- **Data segment**
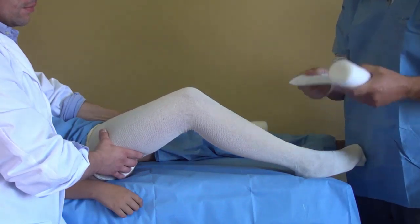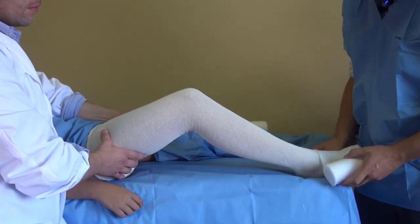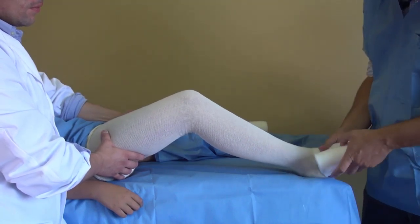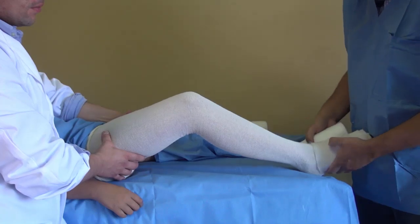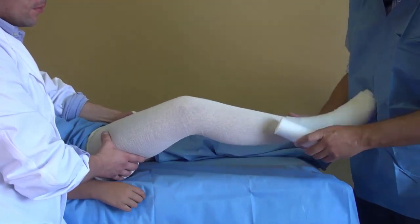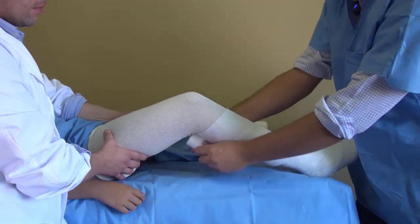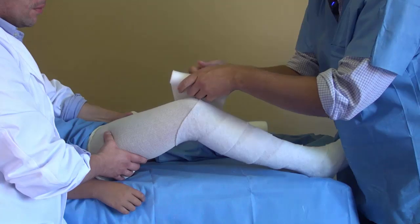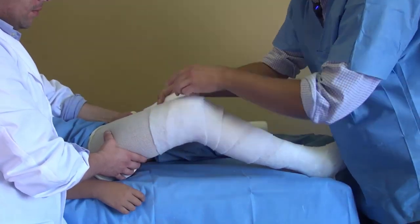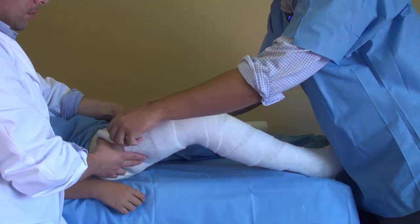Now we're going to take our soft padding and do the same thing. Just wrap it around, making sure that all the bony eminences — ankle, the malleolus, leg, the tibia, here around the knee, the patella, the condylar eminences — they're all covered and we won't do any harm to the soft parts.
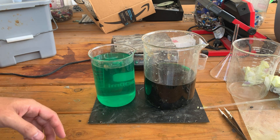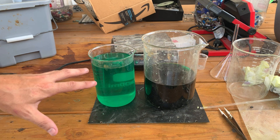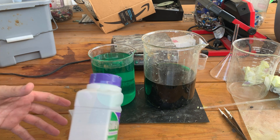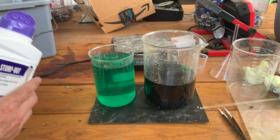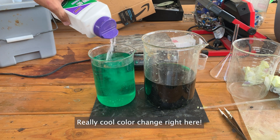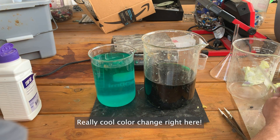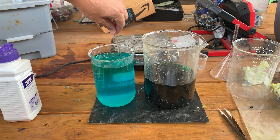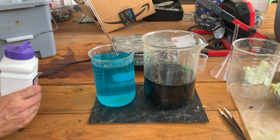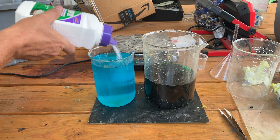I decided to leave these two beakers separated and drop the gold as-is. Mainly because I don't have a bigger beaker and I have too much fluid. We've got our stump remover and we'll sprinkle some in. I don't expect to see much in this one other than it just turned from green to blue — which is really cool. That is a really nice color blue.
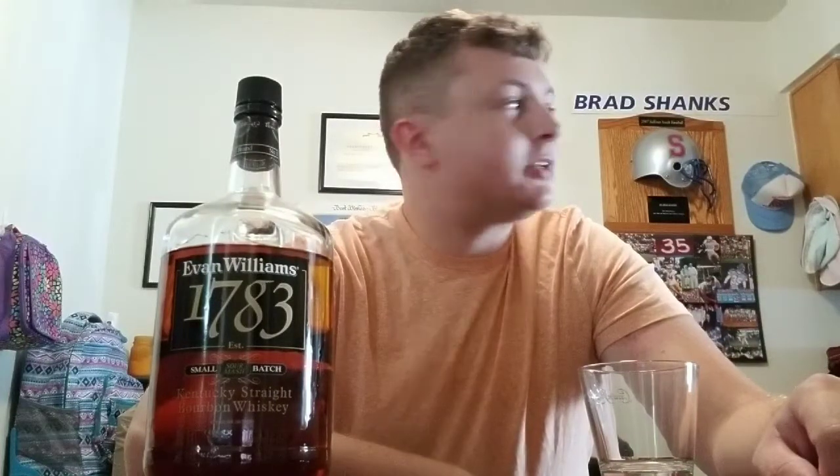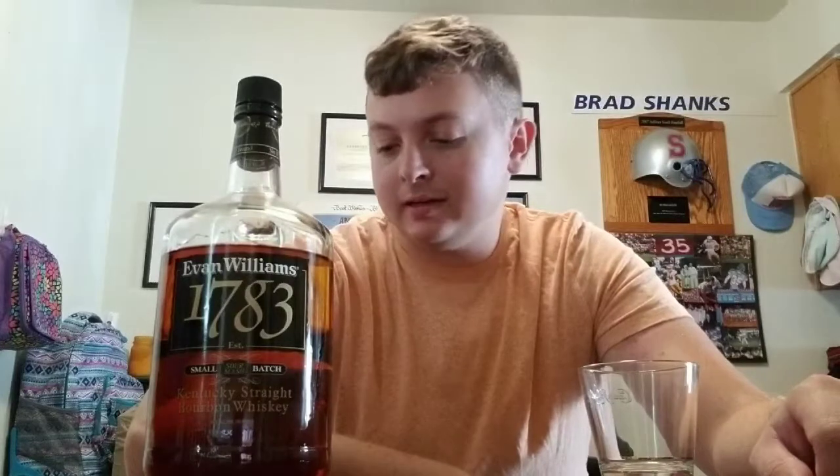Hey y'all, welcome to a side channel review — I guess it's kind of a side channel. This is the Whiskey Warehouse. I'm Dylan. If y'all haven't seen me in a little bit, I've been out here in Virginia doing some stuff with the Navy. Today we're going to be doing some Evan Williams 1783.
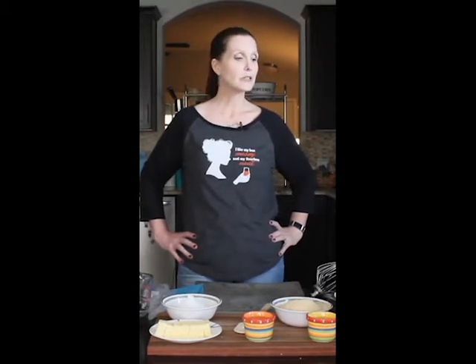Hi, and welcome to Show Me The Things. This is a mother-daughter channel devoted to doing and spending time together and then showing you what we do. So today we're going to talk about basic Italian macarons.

- **Problem details**
Reprint the data verbatim, pictures excluded.

- **Exercise result**
Now we're going to take our soft padding and do the same thing. Just wrap it around, making sure that all the bony eminences — ankle, the malleolus, leg, the tibia, here around the knee, the patella, the condylar eminences — they're all covered and we won't do any harm to the soft parts.
I decided to leave these two beakers separated and drop the gold as-is. Mainly because I don't have a bigger beaker and I have too much fluid. We've got our stump remover and we'll sprinkle some in. I don't expect to see much in this one other than it just turned from green to blue — which is really cool. That is a really nice color blue.
Hey y'all, welcome to a side channel review — I guess it's kind of a side channel. This is the Whiskey Warehouse. I'm Dylan. If y'all haven't seen me in a little bit, I've been out here in Virginia doing some stuff with the Navy. Today we're going to be doing some Evan Williams 1783.
Hi, and welcome to Show Me The Things. This is a mother-daughter channel devoted to doing and spending time together and then showing you what we do. So today we're going to talk about basic Italian macarons.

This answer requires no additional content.